Exercise goal: Give back an exact copy of the listing that follows, without the pictures.

Given entries:

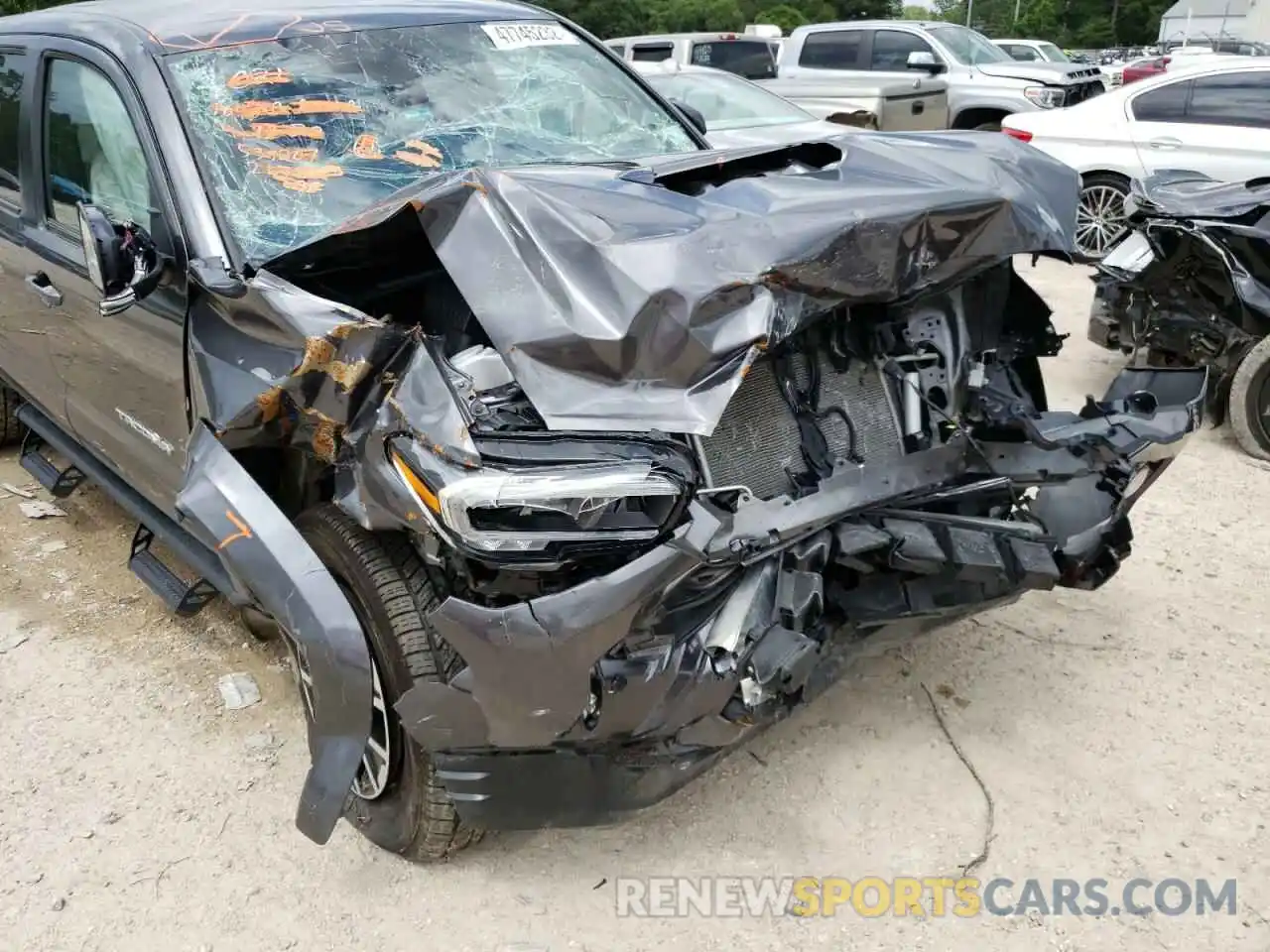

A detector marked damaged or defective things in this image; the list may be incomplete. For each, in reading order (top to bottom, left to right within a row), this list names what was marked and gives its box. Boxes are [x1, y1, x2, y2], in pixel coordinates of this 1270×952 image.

torn sheet metal [171, 428, 367, 845]
bent fender [171, 428, 367, 845]
shattered windshield [165, 22, 698, 260]
broken headlight [401, 458, 691, 555]
torn sheet metal [266, 130, 1072, 434]
crumpled hood [262, 130, 1080, 434]
crushed front bumper [395, 369, 1199, 829]
damaged radiator [695, 353, 905, 502]
crumpled hood [976, 60, 1095, 84]
wrecked vehicle [1087, 178, 1270, 460]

The completed task:
A detector marked damaged or defective things in this image; the list may be incomplete. For each, in reading order (top to bottom, left to right within a row), this list names what was marked and gives its box. Boxes are [x1, y1, x2, y2], in pixel coordinates of this 1270×952 image.

torn sheet metal [171, 428, 367, 845]
bent fender [171, 428, 367, 845]
shattered windshield [165, 22, 698, 260]
broken headlight [401, 458, 691, 555]
torn sheet metal [266, 130, 1072, 434]
crumpled hood [262, 130, 1080, 434]
crushed front bumper [395, 369, 1199, 829]
damaged radiator [695, 353, 905, 502]
crumpled hood [976, 60, 1095, 84]
wrecked vehicle [1087, 178, 1270, 460]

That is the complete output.